- [Task details]: Print, with no pictures, the exact lines that run from the one containing "Схема запчастей Case" through the last line of the material below, both ends included.

BEGIN Dataset excerpt

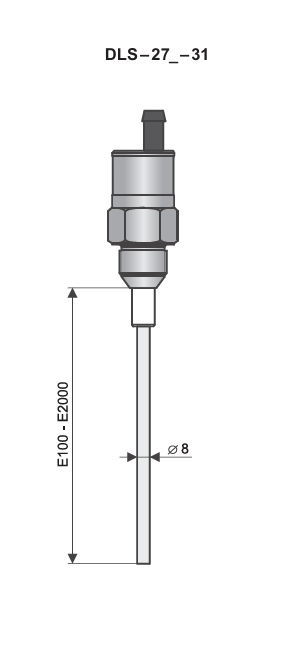 Cảm biến đo mức điện dung DLS-27-31 - Dimensional Drawing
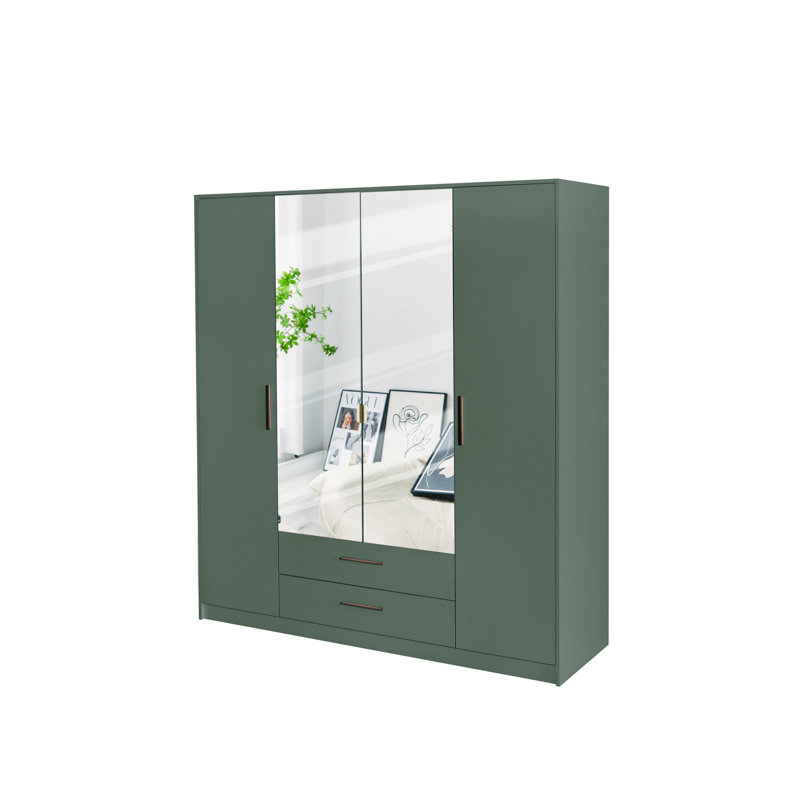 Pamel 4 Door Manufactured Wood Wardrobe, Green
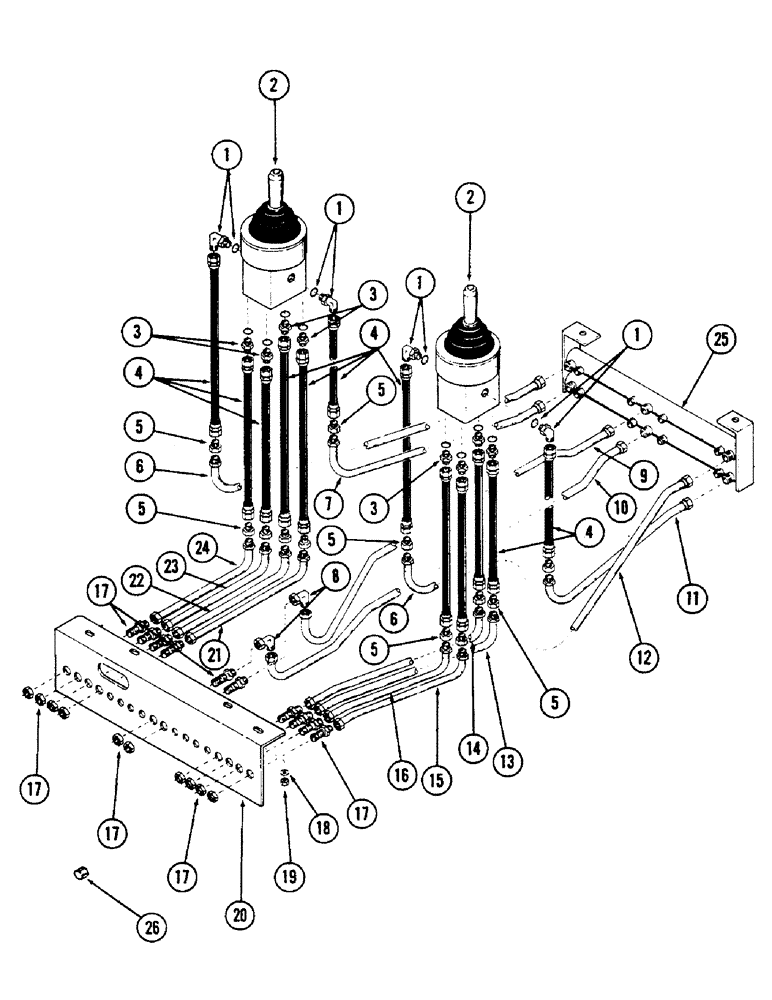 Схема запчастей Case 50 - (140) - PILOT TUBING FROM HAND MODULATOR CONTROL TO BULKHEAD, (USED ON UNITS W/ SN. 6279926-6280344) (35) - HYDRAULIC SYSTEMS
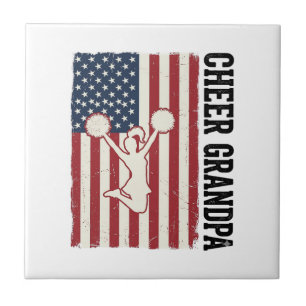 Azulejo De Cerâmica Camisa de bandeira vintage patriótica Cheer Grandp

END Dataset excerpt

- [Answer section]:
 Схема запчастей Case 50 - (140) - PILOT TUBING FROM HAND MODULATOR CONTROL TO BULKHEAD, (USED ON UNITS W/ SN. 6279926-6280344) (35) - HYDRAULIC SYSTEMS
 Azulejo De Cerâmica Camisa de bandeira vintage patriótica Cheer Grandp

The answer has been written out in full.